Assigned task
Nothing but the lines from the one with "Jil4irl's Avatar'" through the end of the data should be set down, each exactly as written, and no picture should be included.

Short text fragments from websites
_ _ _

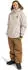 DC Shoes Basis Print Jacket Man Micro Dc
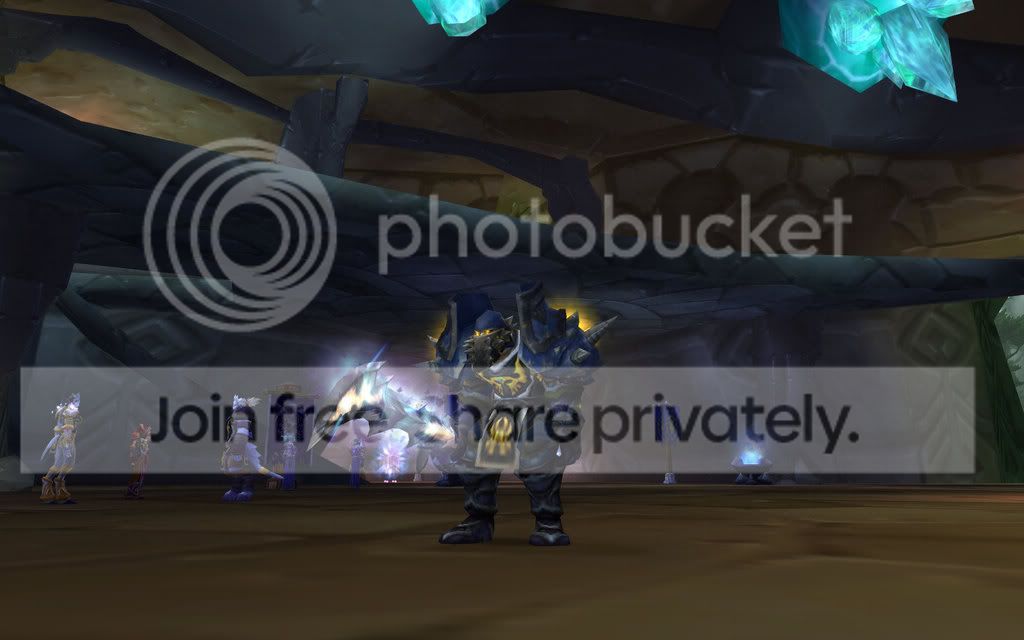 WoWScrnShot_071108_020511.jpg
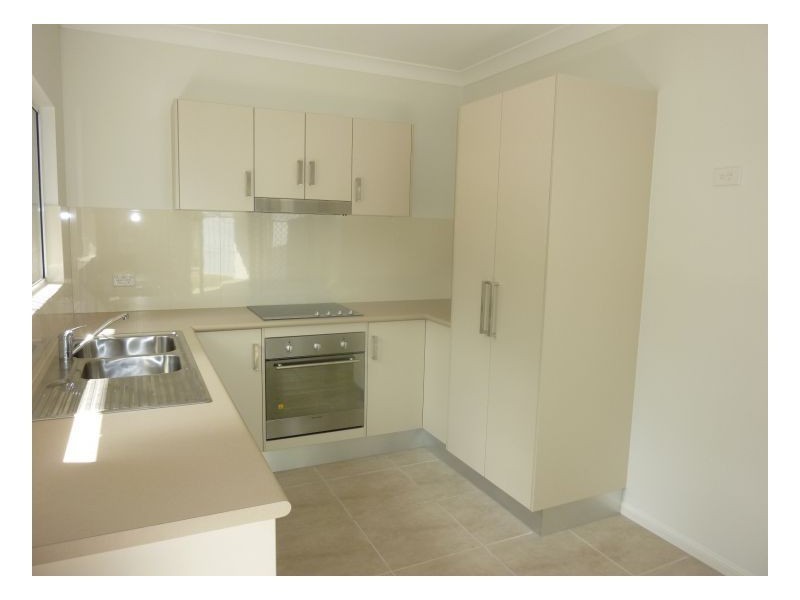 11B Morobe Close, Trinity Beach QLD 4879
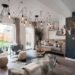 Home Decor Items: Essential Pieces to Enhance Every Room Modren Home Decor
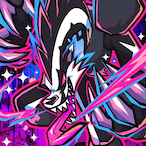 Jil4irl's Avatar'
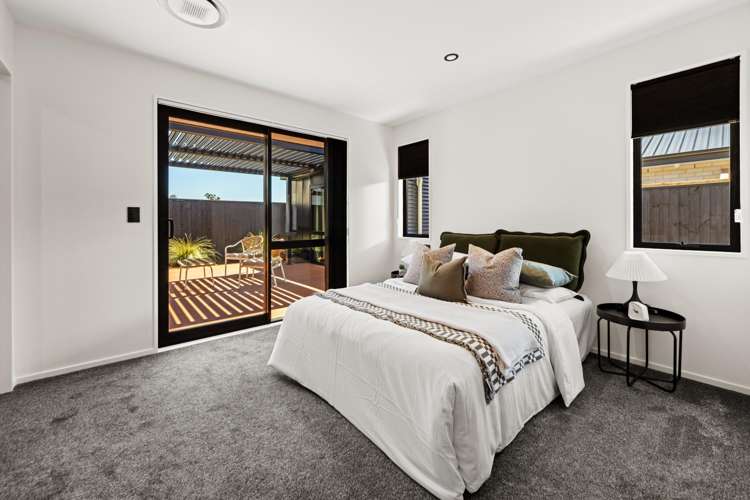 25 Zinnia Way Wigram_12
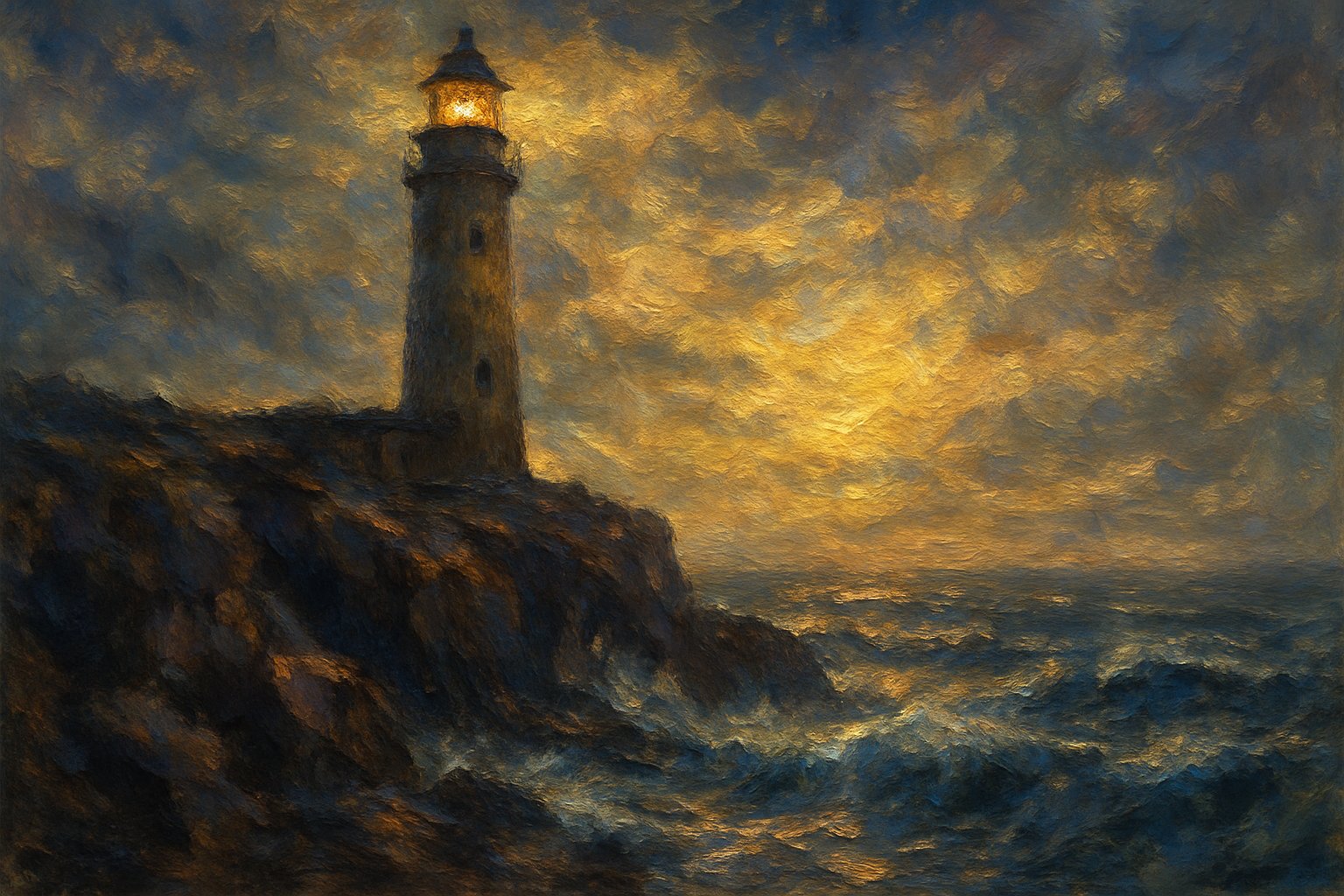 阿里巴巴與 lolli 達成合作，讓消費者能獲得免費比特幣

_ _ _

Answer for the task
 Jil4irl's Avatar'
 25 Zinnia Way Wigram_12
 阿里巴巴與 lolli 達成合作，讓消費者能獲得免費比特幣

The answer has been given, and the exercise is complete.